(Stored data entries)

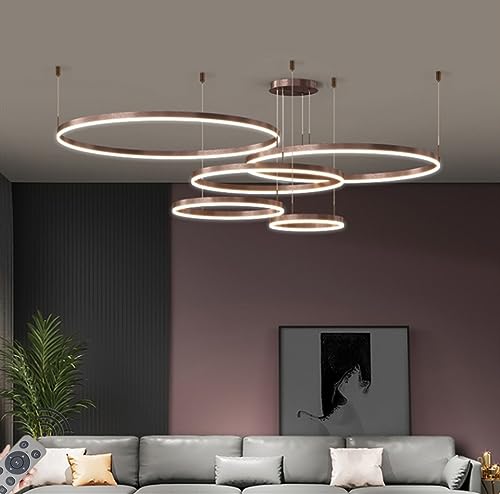 LED-Pendelleuchte Modern Dimmbar Hängeleuchte Ring Kreis Hängelampe Esstisch Pendellampe Aluminium Kronleuchter Deckelampe Für Wohnzimmer ( Color : Braun , Größe : 5 rings/100+80+60+40+20CM/148W) von JIAODIE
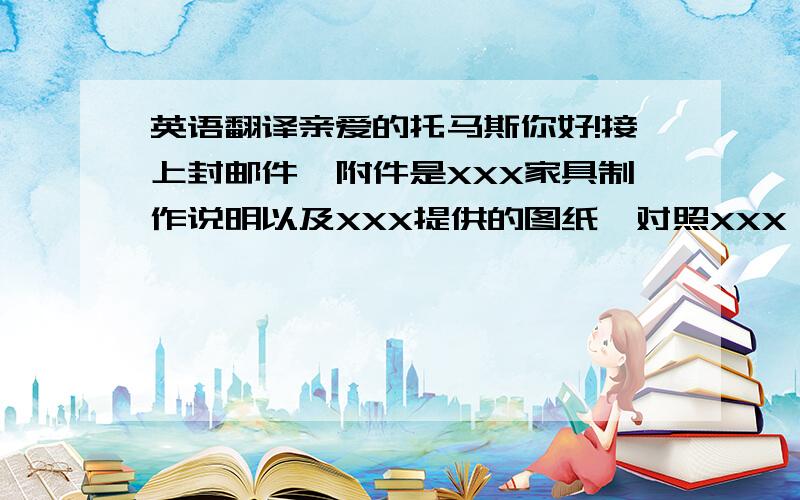 英语翻译亲爱的托马斯你好!接上封邮件,附件是XXX家具制作说明以及XXX提供的图纸,对照XXX 店铺图纸上的编号可以在家具制作说明的全套图里面找到相对应的； 第二个PDF文件是发光Wall Bay 的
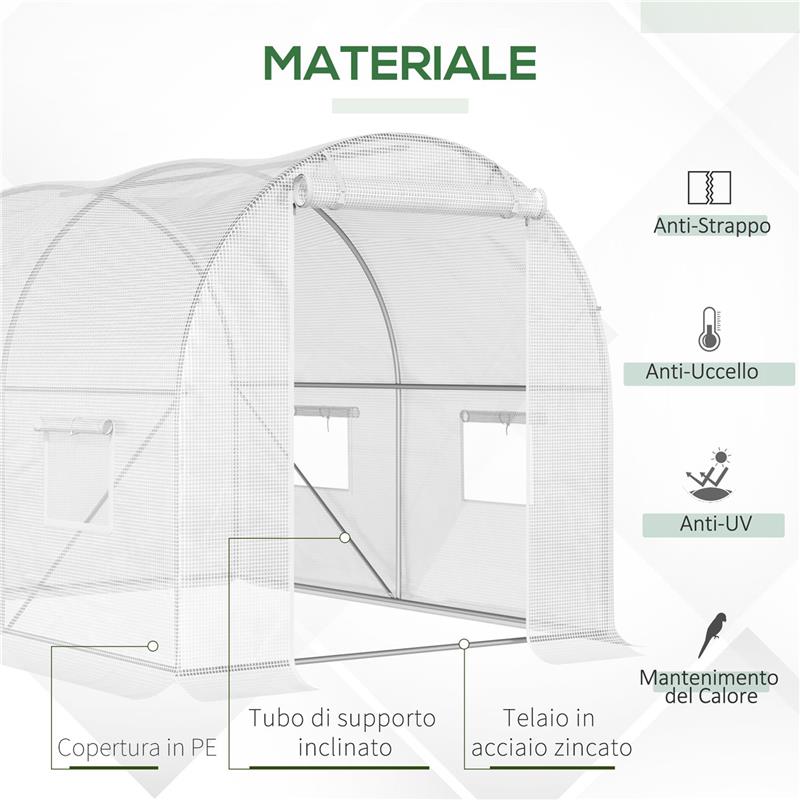 SERRA A TUNNEL CON 4 FINESTRELLE E INGRESSO A ZIP IN ACCIAIO ZINCATO E PE 3X2X1.9 M BIANCO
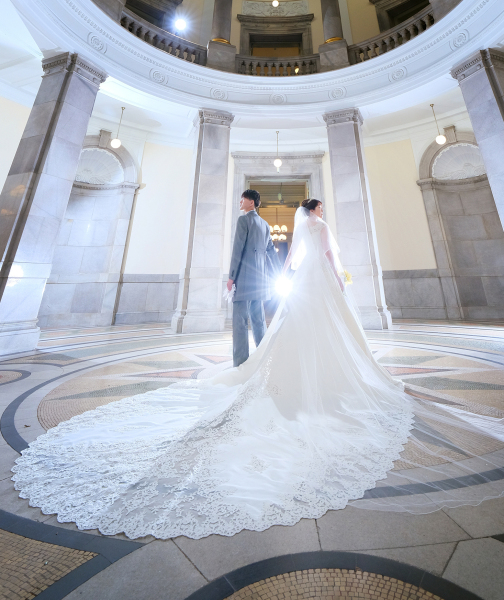 ロケーション撮影も印象的にライティングして♪2人がより輝くように♡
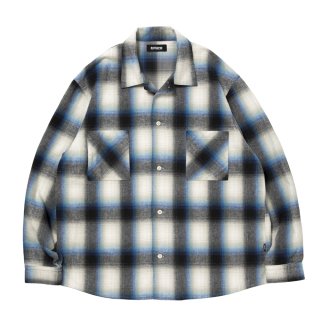 ROTTWEILER/R9 OMBRE CHECK SHIRT（BLUE）［オンブレチェックシャツ-26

*Problem details*: No pictures belong in the answer. It must repeat exactly the lines from the line with "第二个PDF文件是发光Wall Bay 的" through the final line of the records.

*Response box*:
 英语翻译亲爱的托马斯你好!接上封邮件,附件是XXX家具制作说明以及XXX提供的图纸,对照XXX 店铺图纸上的编号可以在家具制作说明的全套图里面找到相对应的； 第二个PDF文件是发光Wall Bay 的
 SERRA A TUNNEL CON 4 FINESTRELLE E INGRESSO A ZIP IN ACCIAIO ZINCATO E PE 3X2X1.9 M BIANCO
 ロケーション撮影も印象的にライティングして♪2人がより輝くように♡
 ROTTWEILER/R9 OMBRE CHECK SHIRT（BLUE）［オンブレチェックシャツ-26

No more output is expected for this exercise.